| A meno di un secolo la sua
superficie si è più che decuplicata. La popolazione,
è passata da 34.000 abitanti del 1861 ai 400.000
di oggi. Una diritta striscia di asfalto, l'ampio
e luminoso Corso Vittorio Emanuele, divide la città
in due parti distinte, quasi a segnare i confini
di due epoche, Il ricordo degli ardimenti marinareschi
del Medioevo è pressoché intatto nel dedalo di viuzze
e di corti della città vecchia, gelosa custode di
insigni monumenti.
Appare invece operosa d'indipendenza
e dinamica la città moderna, con le sue ampie e
lunghe strade a scacchiera su cui si affacciano
gli edifici sorti nel corso della sua prodigiosa
espansione urbanistica. Percorrendo un tratto del
Lungomare Imperatore Augusto si giunge alla Basilica
di San Nicola.
È uno dei più pregevoli esempi
di architettura romanico-pugliese. La sua costruzione,
iniziata nel 1087 per volontà dell'Abate Elia per
conservare le Ossa di S. Nicola, fu terminata nel
1197. Sempre percorrendo il Lungomare Imperatore
Augusto e poi un breve tratto del Corso Senatore
De Tullio giungiamo al Castello Svevo costruito
da Federico II su preesistente struttura normanna,
di cui conserva la pianta interna e due massicce
torri a bugnato.
Fu corte fastosa di Isabella
d'Aragona e di Bona Sforza, che fecero costruire
nel '500 i grandi baluardi con torrioni angolari
a lancia sul fossato. Attraversando una viuzza medievale
giungiamo alla Cattedrale, ottimo esempio di romanico-pugliese
del Sec. XII.
Altre Chiese di interesse storico ed artistico della
città vecchia sono: il Chiostro di San Benedetto;
San Marco; San Agostino; la Vallisa; la chiesa del
Gesù. Da ricordare l'Arco delle Meraviglie e la
casa di Nicolò Piccinni.
Passiamo di nuovo davanti al Castello e da Piazza
Isabella d'Aragona, su cui si affaccia l'edificio
dell'Intendenza di Finanza, intravediamo Corso Vittorio
Veneto, in fondo a cui è la Fiera del Levante, che
nel solco della tradizione mercantile di Bari, rappresenta
oggi il metro del poderoso sviluppo economico ed
industriale del Sud. In Corso Vittorio Emanuele
vediamo il monumento dedicato a Nicolò Piccinni
ed il Municipio.
Da qui si imbocca Via Sparano
con i suoi lussuosi ed eleganti negozi. In fondo
è il palazzo dell'Ateneo, con il Museo Archeologico,
che comprende, fra l'altro, una imponente raccolta
di reperti e di vasi greci e apuli.
Il monumento
a Re Umberto I, opera dello scultore Antonio Cifariello.
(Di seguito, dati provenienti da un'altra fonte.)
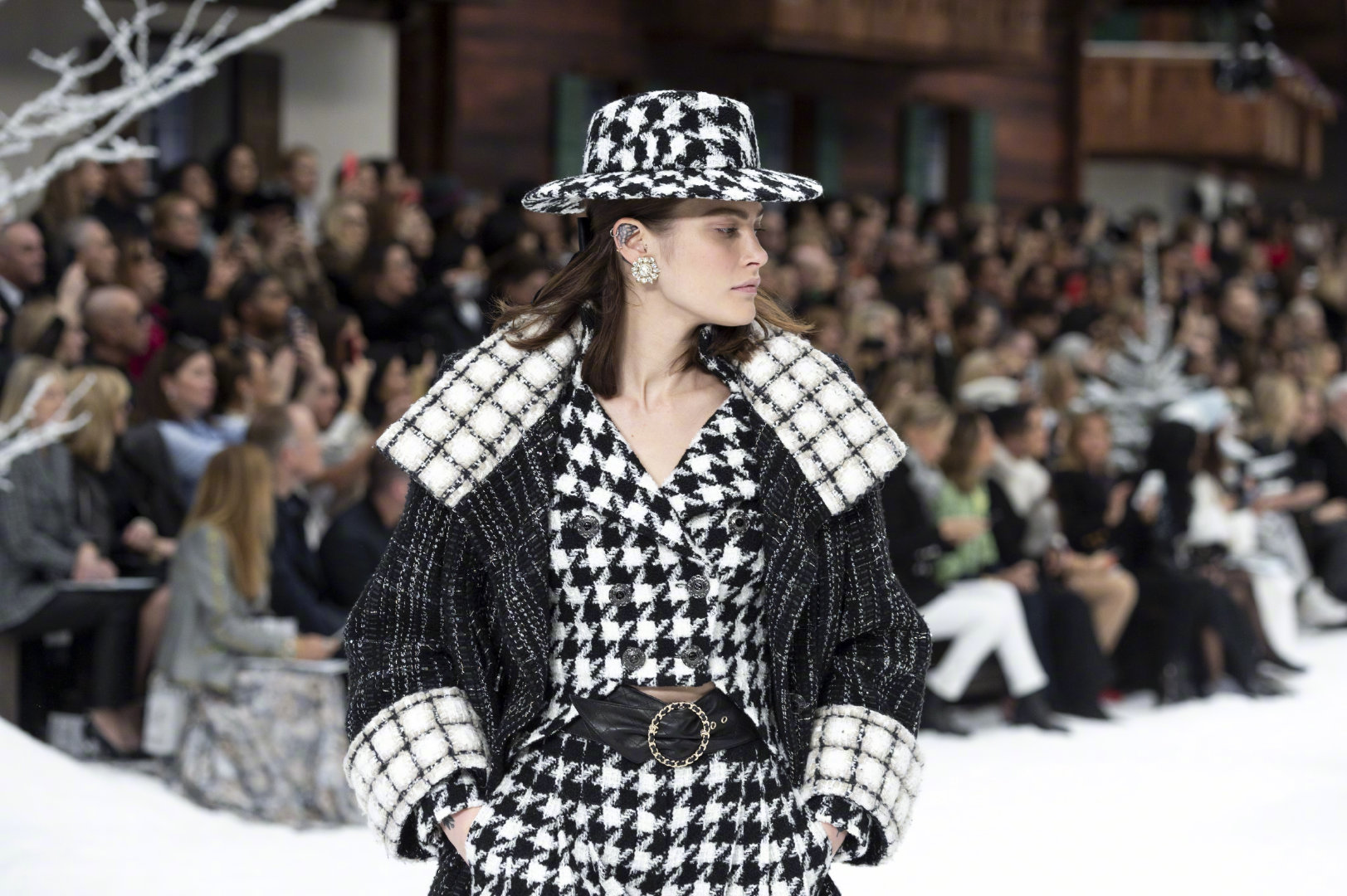 香奈儿职业装女性套装,香奈儿套装70w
Piazza Moro su cui si affacciano le stazioni ferroviarie
della città; al centro la monumentale fontana dell'Acquedotto
Pugliese. Vediamo Piazza Mercantile con il Sedile,
l'antica sede del Consiglio dei Nobili baresi e
la colonna della giustizia, alla quale venivano
legati i debitori fraudolenti.
Ed ora ci inseriamo sul Lungomare
Nazario Sauro, la magnifica passeggiata a mare.
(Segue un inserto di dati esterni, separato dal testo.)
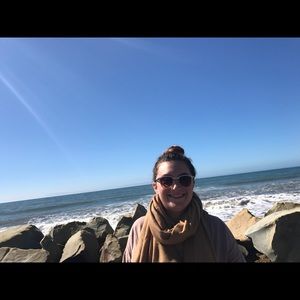 Meet your Posher, Anne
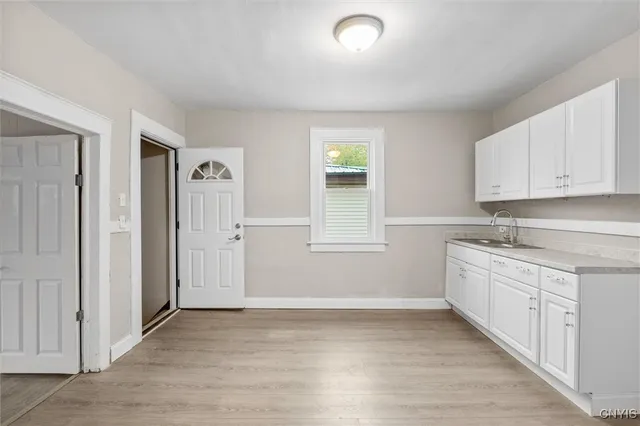 $129,500 | 133 Lakeview Avenue, Syracuse, NY 13204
Subito a sinistra è il Molo S. Nicola dove, ogni
anno, la mattina dell'otto maggio si svolge la cerimonia
dell'imbarco della statua del Santo taumaturgo che
riceve, sul mare di cui è protettore, l'omaggio
dei fedeli e dei pellegrini. Qui è anche la tipica
cala di "'nderre a la lanze", popolare luogo di
degustazione di frutti di mare. L'economia della
provincia è ormai avviata ad un intenso sviluppo
anche industriale.
Tuttavia il quadro d'assieme
è caratterizzato a nord di Bari dalla presenza di
grossi centri abitati e, soprattutto nell'interno,
da campagne poco abitate in cui sono disseminati,
a segnare i confini delle colture e delle proprietà
bianchi muretti di pietre a secco e "masserie" che
sono suggestivi esempi di architettura spontanea.
Queste masserie sono veri e
propri monumenti. Hanno una struttura che, per il
suo carattere un tempo anche difensivo, riecheggia
la forma di veri e propri piccoli castelli.
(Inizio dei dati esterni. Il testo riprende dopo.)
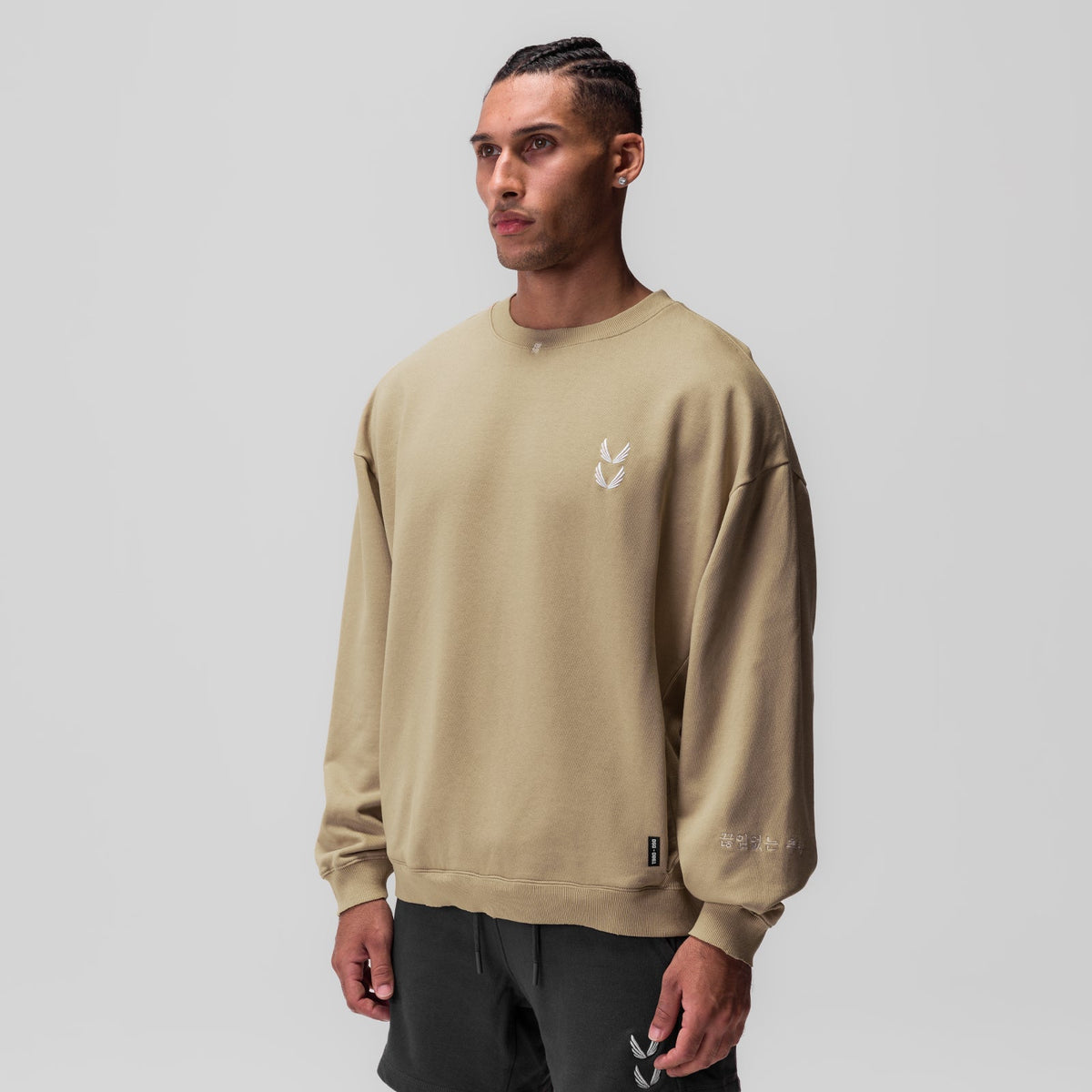 0861. Tech Essential™ Distressed Crewneck - Khaki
A sud del capoluogo, invece, la campagna, formata
in prevalenza da piccoli appezzamenti, risulta intensamente
coltivata per la presenza attiva del contadino,
proprietario del terreno o semplicemente affittuario.
I borghi antichi di piccoli paesi, sono ancor oggi,
mirabili esempi di una remota architettura popolare.